From the entries below, copy exactly the lines from the one that contains "New Balance Sneakersy" through the one that contains "Comfort Fit Sneakers", both included, and only those.

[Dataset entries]
:::
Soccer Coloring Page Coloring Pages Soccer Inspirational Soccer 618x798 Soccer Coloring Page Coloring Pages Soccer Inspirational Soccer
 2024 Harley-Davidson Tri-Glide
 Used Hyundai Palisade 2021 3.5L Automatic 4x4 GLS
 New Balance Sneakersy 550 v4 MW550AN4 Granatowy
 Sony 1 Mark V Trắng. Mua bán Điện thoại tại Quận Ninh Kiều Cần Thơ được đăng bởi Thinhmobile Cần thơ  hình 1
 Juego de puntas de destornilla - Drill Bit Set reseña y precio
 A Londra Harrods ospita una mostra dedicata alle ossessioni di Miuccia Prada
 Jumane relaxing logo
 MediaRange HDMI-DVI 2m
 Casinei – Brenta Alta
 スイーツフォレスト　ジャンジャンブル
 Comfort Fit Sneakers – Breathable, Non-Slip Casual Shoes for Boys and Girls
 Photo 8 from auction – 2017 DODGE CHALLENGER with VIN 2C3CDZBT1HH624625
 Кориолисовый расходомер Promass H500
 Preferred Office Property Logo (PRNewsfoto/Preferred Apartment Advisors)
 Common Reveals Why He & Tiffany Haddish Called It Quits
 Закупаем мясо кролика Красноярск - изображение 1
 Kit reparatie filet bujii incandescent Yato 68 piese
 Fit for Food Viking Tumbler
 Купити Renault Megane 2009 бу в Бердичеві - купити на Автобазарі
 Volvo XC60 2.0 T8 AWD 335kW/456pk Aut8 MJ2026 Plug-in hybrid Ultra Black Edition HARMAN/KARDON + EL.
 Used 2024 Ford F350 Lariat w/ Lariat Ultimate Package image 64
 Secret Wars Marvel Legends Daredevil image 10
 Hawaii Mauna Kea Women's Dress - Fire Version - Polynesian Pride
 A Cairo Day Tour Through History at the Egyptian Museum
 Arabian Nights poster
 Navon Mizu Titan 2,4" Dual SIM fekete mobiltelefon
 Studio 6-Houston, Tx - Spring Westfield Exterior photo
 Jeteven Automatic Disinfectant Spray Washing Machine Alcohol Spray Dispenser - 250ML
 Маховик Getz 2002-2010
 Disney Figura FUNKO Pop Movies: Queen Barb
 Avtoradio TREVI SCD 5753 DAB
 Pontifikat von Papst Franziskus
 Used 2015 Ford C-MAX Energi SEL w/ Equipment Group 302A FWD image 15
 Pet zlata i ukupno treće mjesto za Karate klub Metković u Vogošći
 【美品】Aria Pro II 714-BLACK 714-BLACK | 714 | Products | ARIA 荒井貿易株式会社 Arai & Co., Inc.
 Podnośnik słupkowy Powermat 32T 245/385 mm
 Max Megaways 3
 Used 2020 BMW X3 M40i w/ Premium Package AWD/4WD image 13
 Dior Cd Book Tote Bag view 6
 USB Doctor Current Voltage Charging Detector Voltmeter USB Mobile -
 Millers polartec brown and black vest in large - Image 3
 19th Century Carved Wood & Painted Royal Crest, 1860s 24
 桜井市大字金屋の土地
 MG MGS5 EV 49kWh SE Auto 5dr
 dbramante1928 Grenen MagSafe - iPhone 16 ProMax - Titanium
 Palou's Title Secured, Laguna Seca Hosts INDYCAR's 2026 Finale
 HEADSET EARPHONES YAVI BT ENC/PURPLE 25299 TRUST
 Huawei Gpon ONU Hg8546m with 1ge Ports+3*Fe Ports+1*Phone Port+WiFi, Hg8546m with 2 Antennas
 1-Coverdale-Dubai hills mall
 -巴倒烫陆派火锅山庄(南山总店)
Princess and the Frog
:::
Solution to the exercise
 New Balance Sneakersy 550 v4 MW550AN4 Granatowy
 Sony 1 Mark V Trắng. Mua bán Điện thoại tại Quận Ninh Kiều Cần Thơ được đăng bởi Thinhmobile Cần thơ  hình 1
 Juego de puntas de destornilla - Drill Bit Set reseña y precio
 A Londra Harrods ospita una mostra dedicata alle ossessioni di Miuccia Prada
 Jumane relaxing logo
 MediaRange HDMI-DVI 2m
 Casinei – Brenta Alta
 スイーツフォレスト　ジャンジャンブル
 Comfort Fit Sneakers – Breathable, Non-Slip Casual Shoes for Boys and Girls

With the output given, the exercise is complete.